_PROBLEM TO SOLVE_
Beneath this instruction is a block of data; output from it exactly the lines that run from the one containing "Spacious 3BR 2BA" through the one containing "Snapshot of anjupere", inclusive.

Excerpts from a dataset:
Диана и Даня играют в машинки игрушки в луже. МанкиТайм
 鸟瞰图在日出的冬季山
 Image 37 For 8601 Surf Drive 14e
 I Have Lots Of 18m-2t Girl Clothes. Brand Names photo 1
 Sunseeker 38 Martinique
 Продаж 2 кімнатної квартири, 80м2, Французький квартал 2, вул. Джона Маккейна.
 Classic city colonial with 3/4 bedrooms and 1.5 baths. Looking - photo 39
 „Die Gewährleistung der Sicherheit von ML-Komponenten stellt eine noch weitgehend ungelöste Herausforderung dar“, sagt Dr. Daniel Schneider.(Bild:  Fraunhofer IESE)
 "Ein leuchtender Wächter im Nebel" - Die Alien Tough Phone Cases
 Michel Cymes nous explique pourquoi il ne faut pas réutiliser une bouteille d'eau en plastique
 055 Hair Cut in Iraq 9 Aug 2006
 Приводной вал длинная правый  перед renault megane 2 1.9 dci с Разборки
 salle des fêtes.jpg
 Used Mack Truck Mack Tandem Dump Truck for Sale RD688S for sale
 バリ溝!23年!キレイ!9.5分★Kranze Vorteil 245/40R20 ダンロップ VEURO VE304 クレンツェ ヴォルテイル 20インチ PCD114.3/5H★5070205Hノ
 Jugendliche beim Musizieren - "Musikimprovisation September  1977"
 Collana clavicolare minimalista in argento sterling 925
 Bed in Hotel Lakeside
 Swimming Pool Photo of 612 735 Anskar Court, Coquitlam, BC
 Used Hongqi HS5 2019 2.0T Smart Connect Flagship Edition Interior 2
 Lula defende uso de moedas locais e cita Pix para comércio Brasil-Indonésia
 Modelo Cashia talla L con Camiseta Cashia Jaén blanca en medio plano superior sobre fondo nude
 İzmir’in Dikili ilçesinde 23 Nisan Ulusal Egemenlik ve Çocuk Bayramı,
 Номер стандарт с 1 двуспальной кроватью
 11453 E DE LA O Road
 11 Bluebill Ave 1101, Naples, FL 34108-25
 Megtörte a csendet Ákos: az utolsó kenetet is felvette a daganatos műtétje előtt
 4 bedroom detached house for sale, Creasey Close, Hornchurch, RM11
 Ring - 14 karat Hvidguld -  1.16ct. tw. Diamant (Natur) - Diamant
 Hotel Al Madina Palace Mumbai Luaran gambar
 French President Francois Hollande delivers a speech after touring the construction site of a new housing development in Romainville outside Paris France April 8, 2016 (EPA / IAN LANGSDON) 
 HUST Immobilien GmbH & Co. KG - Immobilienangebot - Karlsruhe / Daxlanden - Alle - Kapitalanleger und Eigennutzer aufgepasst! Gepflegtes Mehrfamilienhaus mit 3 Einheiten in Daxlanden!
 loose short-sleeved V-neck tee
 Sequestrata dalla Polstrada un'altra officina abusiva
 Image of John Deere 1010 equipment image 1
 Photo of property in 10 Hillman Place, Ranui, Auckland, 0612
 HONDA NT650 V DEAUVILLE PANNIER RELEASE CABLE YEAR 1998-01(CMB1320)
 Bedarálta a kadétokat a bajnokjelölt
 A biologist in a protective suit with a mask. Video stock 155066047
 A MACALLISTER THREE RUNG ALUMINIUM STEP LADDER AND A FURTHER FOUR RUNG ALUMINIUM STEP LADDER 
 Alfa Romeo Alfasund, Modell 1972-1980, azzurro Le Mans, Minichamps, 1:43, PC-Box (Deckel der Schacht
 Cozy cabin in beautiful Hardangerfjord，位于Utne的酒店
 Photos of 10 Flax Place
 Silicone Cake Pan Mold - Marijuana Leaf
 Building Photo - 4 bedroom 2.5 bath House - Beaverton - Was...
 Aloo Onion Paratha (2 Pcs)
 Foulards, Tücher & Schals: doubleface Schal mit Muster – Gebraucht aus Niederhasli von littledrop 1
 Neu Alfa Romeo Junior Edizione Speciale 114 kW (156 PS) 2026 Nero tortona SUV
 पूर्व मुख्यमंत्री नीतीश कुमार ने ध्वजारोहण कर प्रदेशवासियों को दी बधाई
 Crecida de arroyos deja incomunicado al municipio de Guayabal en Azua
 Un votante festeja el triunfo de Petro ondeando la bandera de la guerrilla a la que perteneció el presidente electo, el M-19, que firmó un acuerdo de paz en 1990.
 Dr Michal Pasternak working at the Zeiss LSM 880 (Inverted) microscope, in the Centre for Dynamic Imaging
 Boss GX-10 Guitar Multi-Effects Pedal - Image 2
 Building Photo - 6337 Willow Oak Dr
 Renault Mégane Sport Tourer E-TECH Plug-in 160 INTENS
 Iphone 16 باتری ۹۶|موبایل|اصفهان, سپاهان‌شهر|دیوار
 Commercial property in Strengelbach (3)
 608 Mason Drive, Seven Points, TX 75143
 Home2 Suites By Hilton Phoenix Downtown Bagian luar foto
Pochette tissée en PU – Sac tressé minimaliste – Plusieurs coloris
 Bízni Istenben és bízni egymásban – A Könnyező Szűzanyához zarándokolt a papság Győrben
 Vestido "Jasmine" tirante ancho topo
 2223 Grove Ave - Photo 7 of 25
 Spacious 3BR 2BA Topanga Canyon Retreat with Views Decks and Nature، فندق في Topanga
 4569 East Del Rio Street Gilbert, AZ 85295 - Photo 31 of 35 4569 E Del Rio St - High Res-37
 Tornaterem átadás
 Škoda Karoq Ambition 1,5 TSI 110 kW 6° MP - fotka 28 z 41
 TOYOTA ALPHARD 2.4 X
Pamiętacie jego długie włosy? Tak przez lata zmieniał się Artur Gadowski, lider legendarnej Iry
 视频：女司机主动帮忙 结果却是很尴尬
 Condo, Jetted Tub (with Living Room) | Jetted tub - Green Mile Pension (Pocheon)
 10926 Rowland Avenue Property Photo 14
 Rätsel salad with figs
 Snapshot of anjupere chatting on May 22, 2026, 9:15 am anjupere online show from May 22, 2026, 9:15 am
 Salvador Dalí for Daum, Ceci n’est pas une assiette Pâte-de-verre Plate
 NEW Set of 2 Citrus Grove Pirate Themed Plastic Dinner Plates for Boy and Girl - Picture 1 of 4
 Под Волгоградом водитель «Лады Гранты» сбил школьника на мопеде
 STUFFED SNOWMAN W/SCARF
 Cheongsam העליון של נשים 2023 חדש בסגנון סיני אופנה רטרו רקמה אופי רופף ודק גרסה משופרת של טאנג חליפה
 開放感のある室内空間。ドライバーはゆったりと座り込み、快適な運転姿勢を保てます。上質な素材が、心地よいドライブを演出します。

_SOLUTION_
 Spacious 3BR 2BA Topanga Canyon Retreat with Views Decks and Nature، فندق في Topanga
 4569 East Del Rio Street Gilbert, AZ 85295 - Photo 31 of 35 4569 E Del Rio St - High Res-37
 Tornaterem átadás
 Škoda Karoq Ambition 1,5 TSI 110 kW 6° MP - fotka 28 z 41
 TOYOTA ALPHARD 2.4 X
Pamiętacie jego długie włosy? Tak przez lata zmieniał się Artur Gadowski, lider legendarnej Iry
 视频：女司机主动帮忙 结果却是很尴尬
 Condo, Jetted Tub (with Living Room) | Jetted tub - Green Mile Pension (Pocheon)
 10926 Rowland Avenue Property Photo 14
 Rätsel salad with figs
 Snapshot of anjupere chatting on May 22, 2026, 9:15 am anjupere online show from May 22, 2026, 9:15 am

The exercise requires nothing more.